# Como puedo conectar parlantes de auto a una PC?



## RoDRiSH (Abr 20, 2010)

Estimados amigos:

No sé si es el lugar correcto donde creo este tema, pero requiero de su ayuda y experiencia para lo siguiente:

Tengo dos parlantes de auto, los cuales no utilizo y los tengo guardados hace más de un año y medio, quisiera utilizarlos para armar un sistema de sonido 2.1 y poder conectarlos a la PC de mi casa.
Concretamente tengo
- dos parlantes de 460w max y 80w nominal 4 ohms
- un bajo de 800w, 4ohms
- un amplificador pequeño de 222w
Quisiera saber si pueden darme una mano, que hacer o por donde comenzar.
Agradezco de antemano su ayuda.
Saludos.


----------



## Nimer (Abr 20, 2010)

De cuántos canales es el amplificador?
222W me parece un número bastante extraño.. Pero si vos lo decís..

Necesitás alimentar el amplificador con 12v. Así que podés pensar en una fuente de PC, o un transformador de unos cuántos amperes (depende de la potencia que tenés).
Una vez alimentada, es cuestión de conectar los parlantes, y conectar la pc..


----------



## RoDRiSH (Abr 20, 2010)

Estimado Nimer:
Gracias por tu pronta respuesta. Sobre el amplificador, a mi t*AM*b*IÉN* me parece raro pero... mmm, es un sony modelo MX-222, algo antiguo, es de dos canales pero pienso conectarlo en puente para que solo amplifique el bajo, no se que recomiendas.
Ademas de lo que me indicas no es necesario algun circuito adicional? concecto directamente los parlantes a la PC?
Puedo enviarte algunas fotos del amplificador mañana.
Gracias por tu ayuda de nuevo.
Saludos.


----------



## Tacatomon (Abr 20, 2010)

Primero tienes que conseguir algo para poder encender el amplificador. Quizás, solo quizás una buena fuente de PC sirva, solo que necesitamos ver las caracteristicas del amplificador. 
Una vez que logres encender el amplificador, va a tocar conectar las bocinas, hacer ajustes de los cortes de frecuencia (Mencionas que quieres solo bajos) Conseguir el cable adecuado para pasar el audio de la PC al amplificador y ajustar ganancias...

Con más datos podremos ayudarte mejor.

Saludos!!!


----------



## Nimer (Abr 20, 2010)

Supongo que hablamos de este:



> Amplificador Sony Xplod XM-222, estereo de 2 canales.
> 
> -Filtro de paso de graves (80Hz), Capacidad de modo dual, 2/1 canales seleccionables.
> 
> ...





> -Potencia true RMS: 35W por canal en 4 ohms.
> 40W por canal en 2 ohms.
> 80W mono puenteda en 4 ohms.
> -Filtro pasa bajo (crossover): corte a 80Hz. -12dB/octava.

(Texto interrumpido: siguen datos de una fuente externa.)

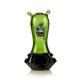 Green space monster glass hand pipe front view with black saucer base and multi-eye face decal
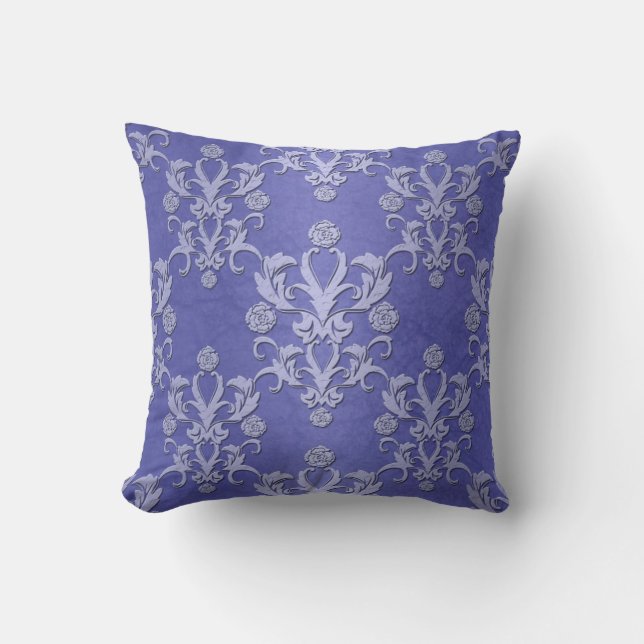 Periwinkle Blue Fancy Floral Damask Pattern Throw Pillow (Front)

80W para los bajos trabajando en puente.
Si tomás una alimentación de 12v, ya tenés 6,6A en audio. Así que con unos 12A debería funcionar bien.
Una fuente de PC que entregue 12A por la línea de 12v se puede conseguir.
No tenés que hacer ningún circuito extra. Es sólo alimentar la potencia, conectar los parlantes, y quizás tener que adaptar la impedancia de entrada de la potencia a la salida de la pc. Con eso sería suficiente.

Saludos.


----------



## Dr. Zoidberg (Abr 21, 2010)

RoDRiSH dijo:


> Ademas de lo que me indicas no es necesario algun circuito adicional? *concecto directamente los parlantes a la PC?*



Directamente donde?

Vas a necesitar un amplificador estéreo para excitar los parlantes satélites por ejemplo el SONY que tenés) y te hace falta otro ampli para manejar el subwoofer. O si usás el SONY para el sub, te hará falta otro ampli estéreo para los satélites.

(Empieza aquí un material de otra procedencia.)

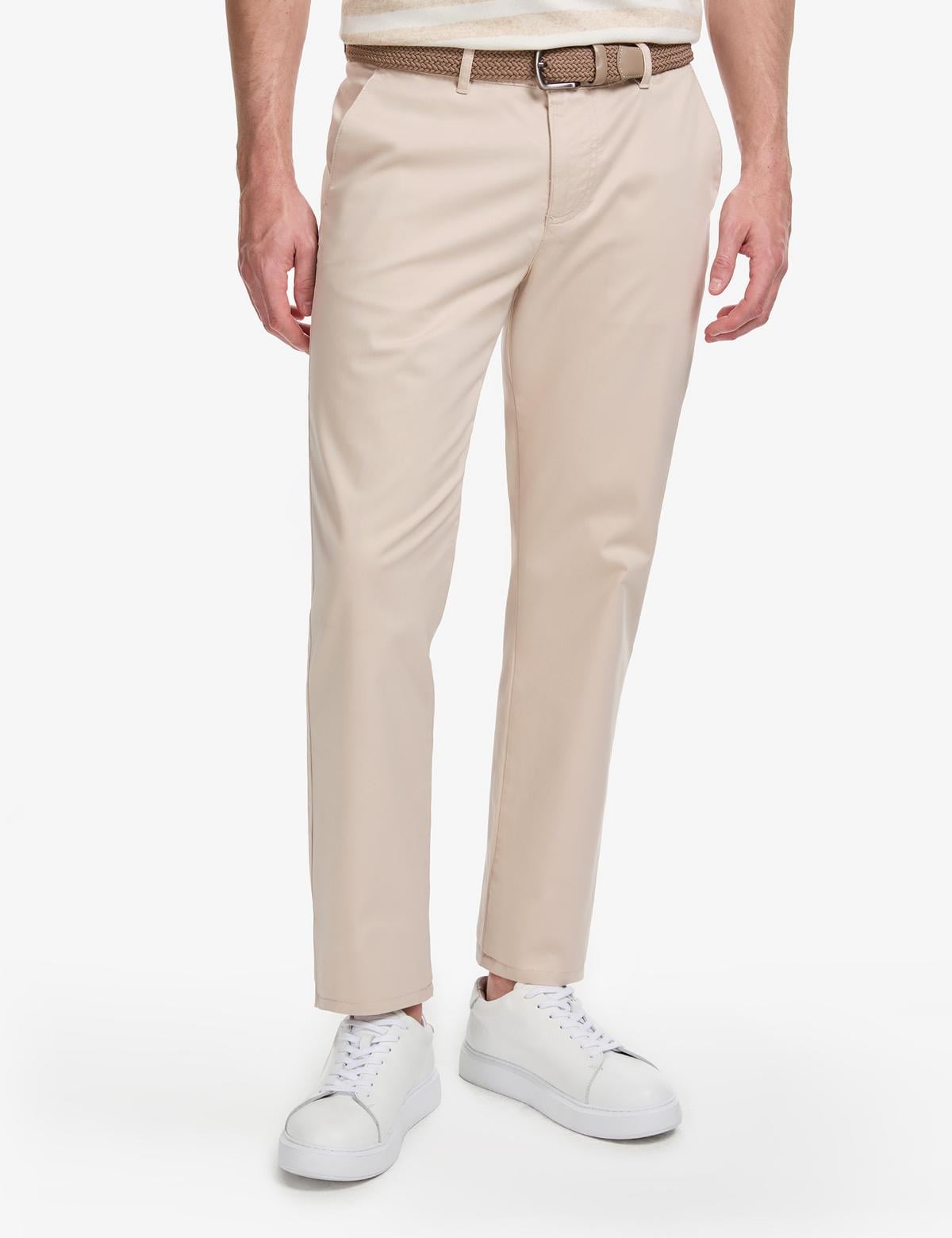 Bej Regular Fit Basic Kanvas Pantolon - 50305473108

Un sistema 2.1 *NECESITA 3 AMPLIFICADORES*, y hasta el momento solo has mostrado dos (el SONY, que es estéreo o mono en puente) así que con lo que tenés...no alcanza para un 2.1...


----------



## Nimer (Abr 21, 2010)

Dije una burrada.



			
				Nimer dijo:
			
		

> 80W para los bajos trabajando en puente.
> Si tomás una alimentación de 12v, ya tenés 6,6A en audio.


La tensión en la salida del parlante no puede alcanzar la tensión de alimentación.. Así que al ser menos tensión, será un poco más de corriente. De nuevo, con números chanchos, pensá en que la fuente entregue 15A para poder alimentar la potencia.

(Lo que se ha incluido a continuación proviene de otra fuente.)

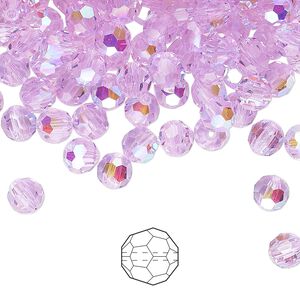 Bead 144pk violet AB, Preciosa Czech crystal 5mm round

Y leé lo que dijo EZavalla, que yo no lo aclaré. La potencia SONY te sirve para el subwoofer, o para los dos parlantes. Pero no para las 3 cosas.


----------



## RoDRiSH (Abr 24, 2010)

Estimados amigos, exactamente ese es el amplificador que tengo y gracias a sus sugerencias ya tengo mucho más clara la idea.
Ahora, no se que es más facil, si diseñar un amplificador para el bajo o diseñar uno para los satelites?
No tengo mucha experiencia en el tema, si pueden orientarme un poco les agradeceria.
Segun yo, creo que seria mejor conectar el amplificador que tengo a los satelites y deseñar uno para el bajo, no se que opinan?
Gracias de nuevo y espero sus comentarios.


----------



## Dr. Zoidberg (Abr 24, 2010)

Si vas a diseñar uno nuevo, no lo hagas para el bajo, sino para los satélites. Por estos parlantes es por donde sale la gama de sonidos donde el oído tiene mas sensiblidad. Por un precio muy módico puedes armar un par de amplificadores con C.I. de alta calidad, tipo TDA2040/50 o LM1875 que son super adecuados para los satélites y no tienes que lidiar con el manejo de grandes cantidades de potencia y disipación de calor.


----------



## Tacatomon (Abr 24, 2010)

En esto de los altavoces para home cinema, mas o menos ¿Que potencia debe de tener cada canal individual?

Es decir,  el canal satélite debe tener x waats de más que los surround traseros, pero menos que los frontales...

O simplemente es al voleo...


----------